Member of the Pennsylvania Senate from the 23rd district
- In office January 7, 1969 – November 30, 1972
- Preceded by: Albert Madigan
- Succeeded by: Henry Hager

Member of the Pennsylvania Senate from the 24th district
- In office January 6, 1959 – November 30, 1968
- Preceded by: Miles Derk
- Succeeded by: Edwin Holl

Personal details
- Born: January 11, 1906 Berwick, Pennsylvania, U.S.
- Died: January 26, 1982 (aged 76) Williamsport, Pennsylvania, U.S.

= Zehnder Confair =

American politician

Zehnder Harry "Dick" Confair (January 11, 1906 – January 26, 1982) was an American politician from Pennsylvania who served as a Republican member of the Pennsylvania State Senate for the 24th district from 1959 to 1968 and the 23rd district from 1969 to 1972.

==Early life and education==
Confair was born on January 11, 1906, to Charles H. and Rena (Baum) Confair.

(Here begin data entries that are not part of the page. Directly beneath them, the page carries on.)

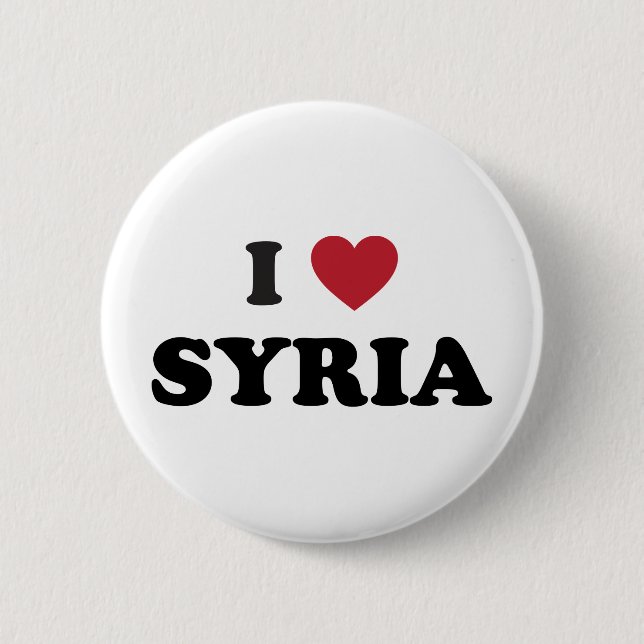 Ich liebe Syrien Button (Vorderseite)
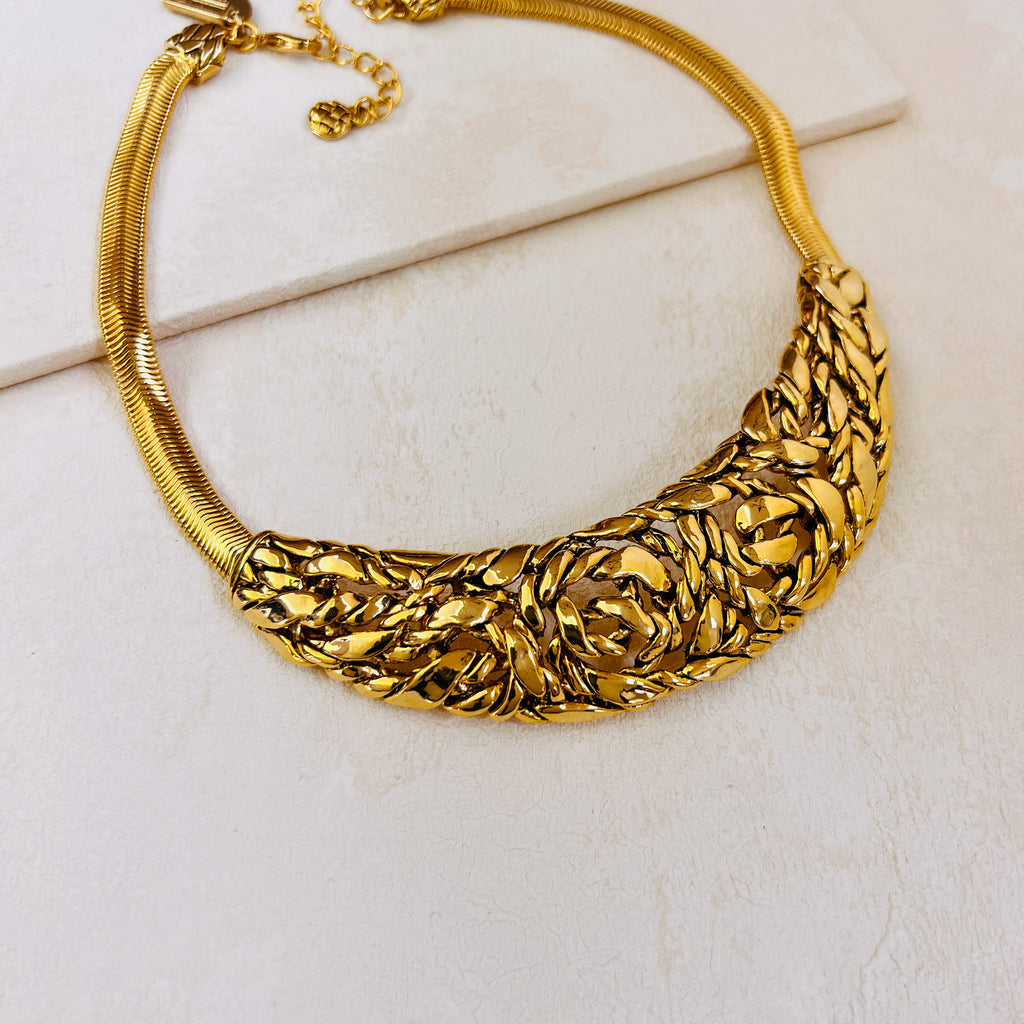 ROSA NECKLACE- GOLD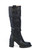 The A.S.98 Lavan Boot is all artistry! Not a single opportunity for adornment is missed in these gorgeous below-the-knee boots. An inner zipper ensures easy on/off, and the tall, rounded block heel is complemented by a sculpted, artchitectural platform. The calf boasts tiered leather paneling edged with gorgeous whipstitch detailing - This pair is lovely top to bottom!

Leather Upper
Leather Lining
Rubber Sole
3.5" Heel
1" Platform
13.5" Shaft Height
14" Shaft Circumference
Measurements are taken from a size 37
Made in Europe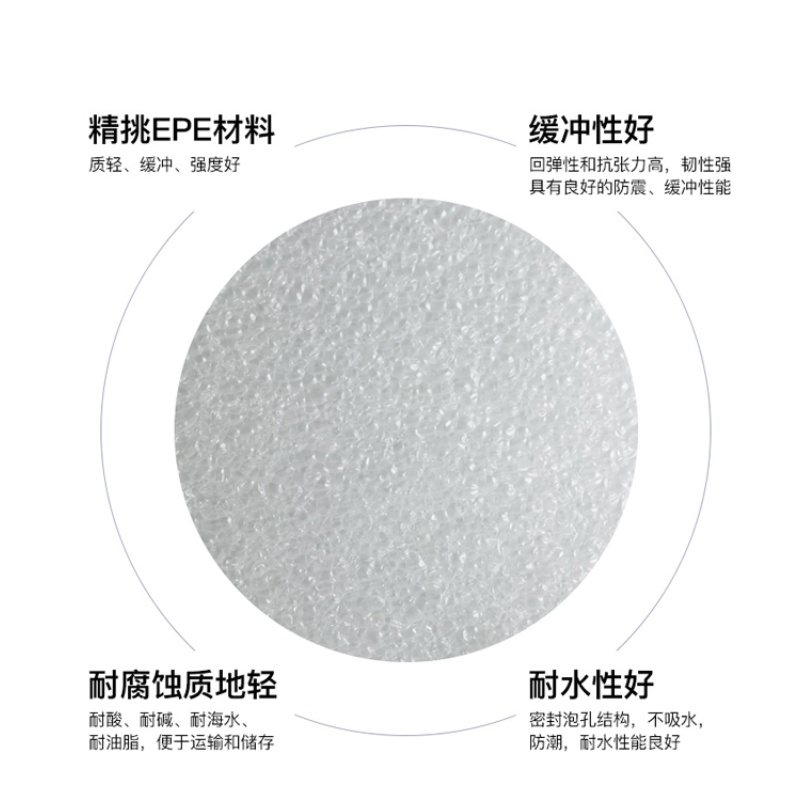 EPE珍珠棉泡沫板填充防震撞快递打包包装泡沫材料内衬定做尺寸托 - 图0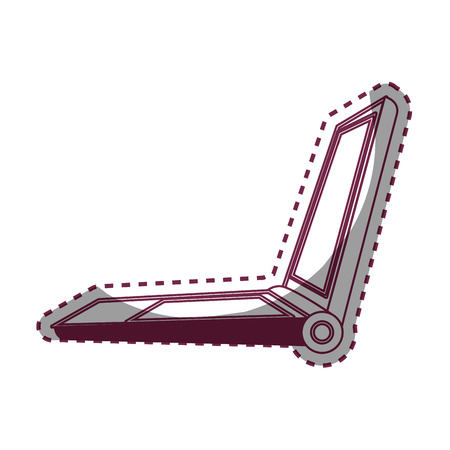 laptop computer isolated icon vector illustration designのイラスト素材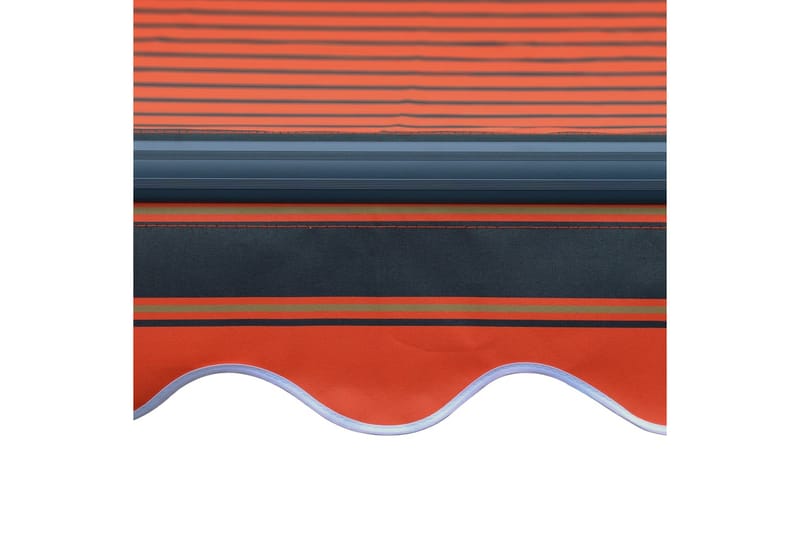 Infällbar markis med vindsensor & LED 300x250 cm orange & br - Orange - Markiser - Fönstermarkis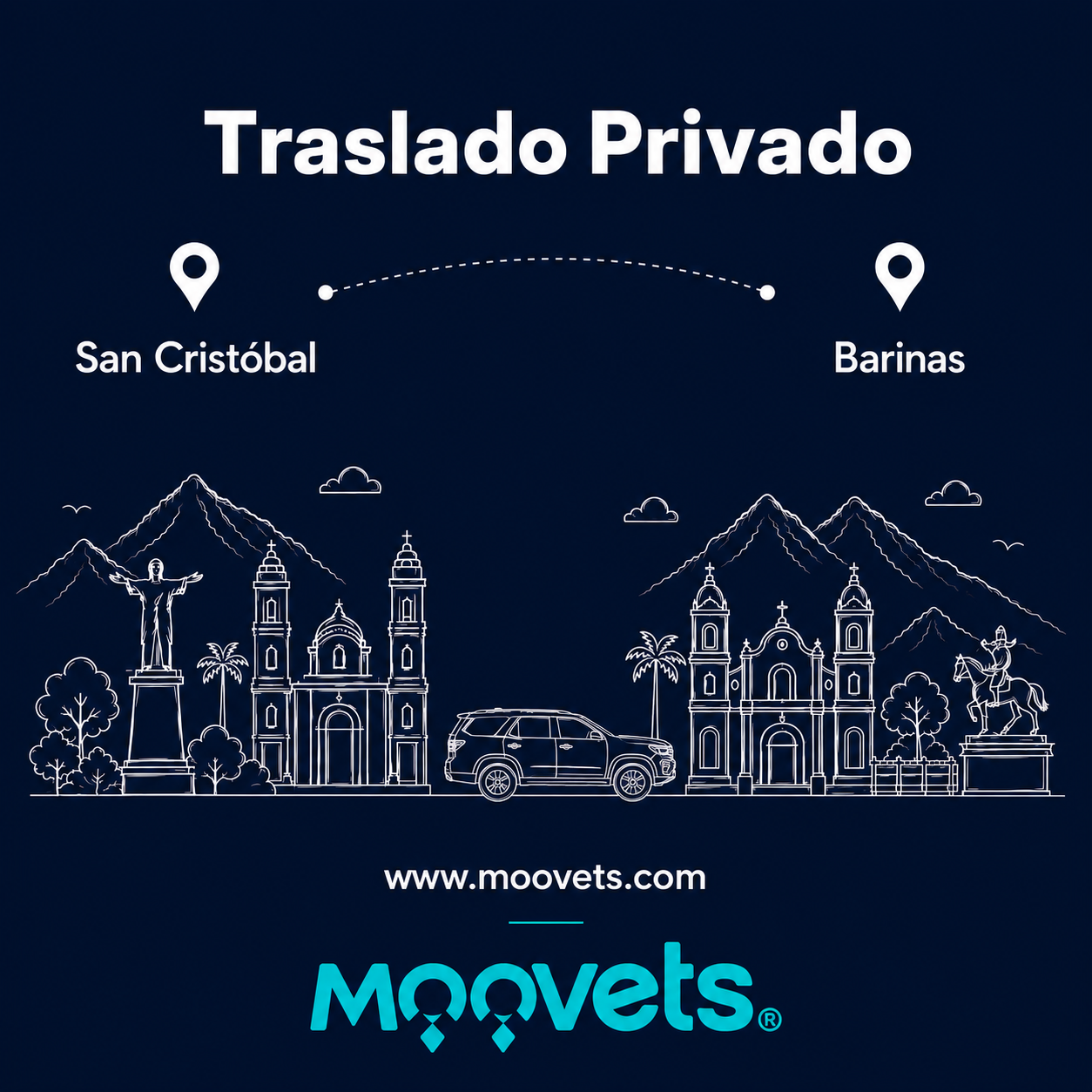 Traslado Privado San Cristobal → Barinas | Camioneta | Moovets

He graduated from Berwick High School and received a B.S. degree from the Wharton School of the University of Pennsylvania.

==Career==
He was the founder of the Confair Bottling Company and worked as president of the First Federal Savings and Loan Association. He was a member of the board of directors for Williamsport chamber of commerce and the Northern Central Bank and Trust.

==Death and legacy==
Confair died on January 26, 1982, in Williamsport, Pennsylvania.

Interstate 80 in Pennsylvania is named the Z.H. Confair Memorial Highway in his honor, as is the I-80 bridge over the West Branch of the Susquehanna River near Milton, Pennsylvania.